Lara Neumann debütierte als Denise de Flavigny, die keusche Novizin, die über Nacht zur Operettensängerin „Mam’zelle Nitouche“ mutiert („Fräulein rühr mich nicht an“, auf deutsch: „Scheinheilige“). Neumann ist ursprünglich ja Schauspielerin, was es ihr ermöglichte die langen gesprochenen Dialoge (das Palazzetto bestand auf einer ungekürzten Fassung), die vielen blitzschnellen Verkleidungen und dazu auch noch die teilweise akrobatischen Tanzeinlagen blendend zu meistern. Ihr zur Seite wirkte Damien Bigoudan in der Doppelrolle des schüchternen Kirchenorganisten Célestin und des wilden Operettenkomponisten Floridor szenisch und stimmlich etwas blass, was noch verstärkt wurde durch seinen jungen „Rivalen“, dem sehr spielfreudigen Tenor Samy Camps, der als vicomte Fernand de Champlâtreux mit der schönsten Stimme des Abends auftrumpfen konnte (für sie wurde er auch 2015 für den „Victoire de la Musique“ nominiert). Camps folgte, so wie alle Soldaten auf der Bühne, den Befehlen des strengen Majors der Kaserne in Pontarcy, des comte de château-Gibus (der Schauspieler Eddie Chignara), pikanter Weise auch der Bruder der Kloster-Oberin, der er regelmäßig seine Eskapaden in der Halbwelt des Theaters „beichtete“. In der Doppelrolle der strengen „mère supérieure du couvent des hirondelles“ (Oberin des Klosters der kleinen Schwalben unserer lieben Frau) und der leichtlebigen Operettensängerin Corinne wurde im Programmheft Miss Knife angegeben, die sich beim Schlussapplaus entpuppte als Olivier Py, der auch noch die Rolle des immer betrunkenen und laut singenden Soldaten Loriot (vortrefflich) sang. Das war für viele „die Überraschung des Abends“, denn Py ist zur Zeit Direktor des Theaterfestivals in Avignon und seit vielen Jahren in Frankreich bekannt für seine starken politischen Stellungnahmen – niemand hätte ihm zugetraut, dass gerade er als Transvestit in einer Operette auftreten würde. Doch Py führt anscheinend heute ein ähnliches „Doppelleben“ wie damals der Komponist Hervé.

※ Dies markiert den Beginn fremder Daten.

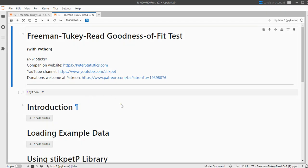Welcome. In this video I'm going to show you how you can perform a Freeman-Tukey-Read goodness of fit test using Python.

Christophe Grapperon, der letztes Jahr schon „Les Chevaliers de la Table ronde“ dirigierte, führte das Orchestre national des pays de la Loire und den jungen und spielfreudigen Choeur d’Angers Nantes Opéra mit begeisterter und zugleich sicherer Hand in hohem Tempo über die vielen Hürden der Partitur. Denn wie er uns nach der Premiere gestand, bei Hervé ist die Musik „toujours sur un fil“ – ein Seiltanz und eine Gratwanderung, bei der man leicht ins Vulgäre abrutschen kann. Die Freuden und Tücken dieses nun endlich wiedergefundenen Werkes kann man auf der CD hören, die nun beim Palazzetto Bru Zane erscheint (sie wurde beim Vorlauf in Toulon aufgenommen – leider mit etwas weniger Verve und Temperament als in Nantes auf der Bühne). Dank der weitläufigen Kontakte des Palazzettos wird diese Produktion weiterreisen an zehn (!) französische Opernhäuser (beginnend in Limoges, Montpellier und Rouen), wo für 2018 schon 60 Vorstellungen (!) geplant sind. Danach kommen vielleicht auch Deutschland und Österreich, wo man vor allem Hervés „Le Petit Faust“ kennt – aber Namen werden noch nicht genannt. Wir sind gespannt!